Fortunately, the debt collector is in Hunstein has now moved to rehearse en banc the panel’s decision on the grounds that it contradicted the judgment of the United States Supreme Court in Spokeo, Inc. v Robins and previous Eleventh Circle interpretations of the FDCPA.
The Spokeo The decision examined the concept of Article III in the context of the Fair Credit Reporting Act (âFCRAâ) and found that a purely technical breach of consumer protection law is not actionable without a specific breach caused by the breach. in the Hunstein, did not analyze the committee decision as to whether Hunstein’s violation was specific or specific. Indeed, the panel’s decision alludes to the fact that the breach was in Hunstein did not cause such injury. However, the Eleventh Circle believed so Hunstein Lawsuit could be sustained because the alleged breach violates a general right to privacy that underpins the FDCPA’s prohibition on most third party disclosures by debt collection agencies.

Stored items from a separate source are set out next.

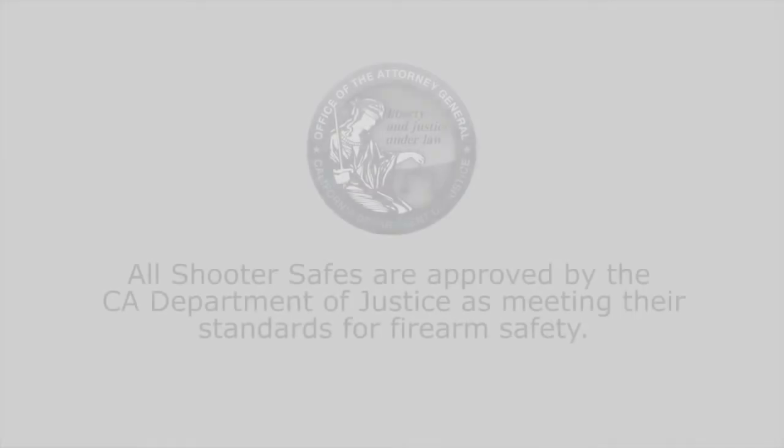We know that security is a top concern when locking up your valuables. The features built into our new Shooter's Safe will provide you with peace of mind knowing that your firearms and valuables are safe and secure. The Shooter's Safe has been approved by the California Department of Justice as meeting their standards for firearm safety.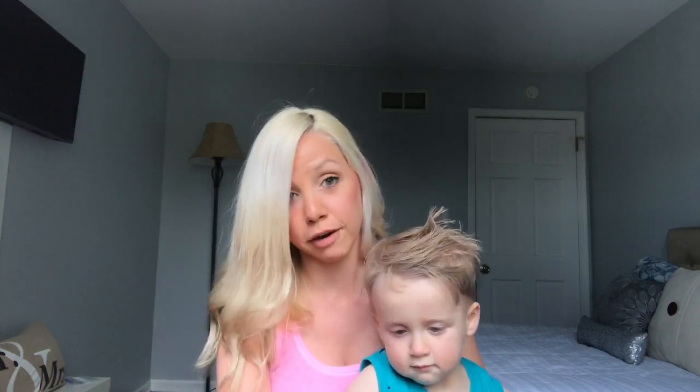Hi guys, welcome back to my channel, and if you're new here, please subscribe. I'm super excited. Today I'm doing a collaboration with Jessica from Keep Calm and Clean, Jessica from Jessica Ann Davis, and Katie Satili — I think her last name is so fun to say. We are all doing some crock pot meals, which are awesome for mothers, but I actually fell in love with crock pot.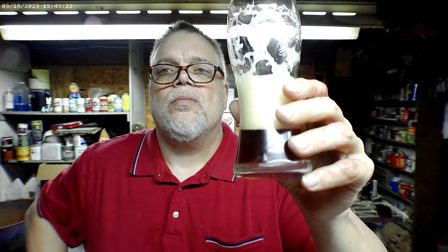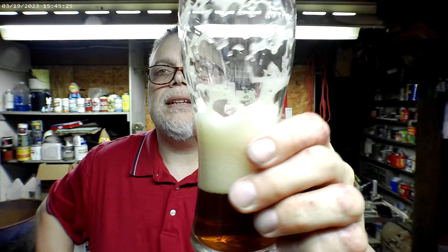I'd score this one a 90 out of 100. It's very good though — nice lacing. Give it a try if you can find it, it's worth a try. I'm gonna say goodbye — cheers everybody, thanks for watching, see ya!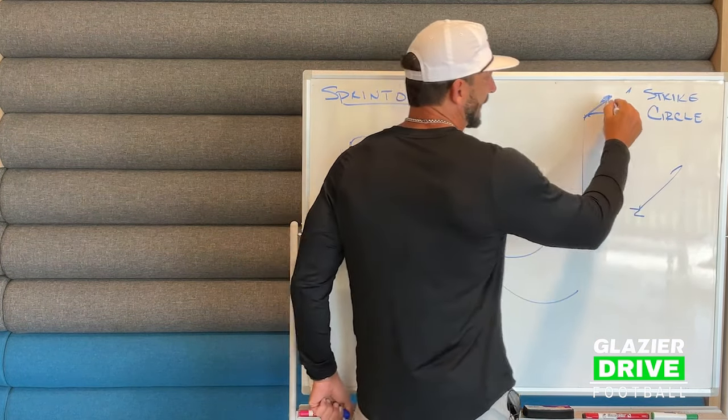Once he gets out of there, he's looking top, then back to the high. What we don't want him to do is come out of there sprinting and then hang on that corner ball too long so the corner comes back down and now he's playing the hide route. We want to do a really good job on that.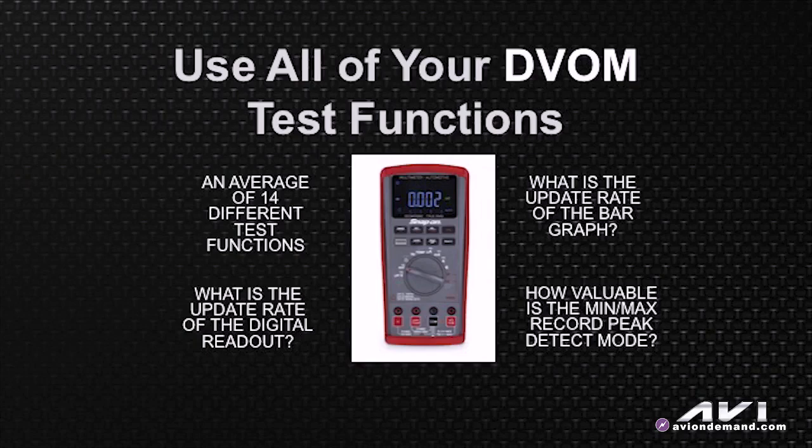On the right-hand side of my screen, let's talk about the bar graph update rate. Typically the bar graph update rate is about 40 times a second, usually about 10 times quicker than the digital readout. But more importantly, what we want to emphasize during this technical presentation is why we need to use the min-max record peak detect mode.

The debt collector in Hunstein also argues that the panel’s decision ignores the fact that the third party disclosure in question is in the Hunstein Case is not the type of disclosure that either Congress or the Eleventh Circle have historically viewed as prohibited by the FDCPA. In particular, the debt collector in Hunstein argues that submitting consumer information to a private computer server maintained by a mailing provider is little different from using telegram services, which the FDCPA specifically contemplates, and other types of benign communication services. The debt collector argues that such services do not imply the type of fraudulent public or third party disclosure that the FDCPA was created to prevent – such as advising a consumer’s family and friends about not paying a debt to shame the consumer or humiliate.
It remains to be seen whether the Eleventh Circle will rehearse them Hunstein Case – and whether such repetition can change the outcome of the appeal. While the retrial application is pending, the court’s original ruling dated April 26, 2021 remains in effect. The decision has the potential to force companies that are (or may be) construed as collections to reconsider the use of mailing providers and other types of outsourcing that involve sharing information about consumer debt.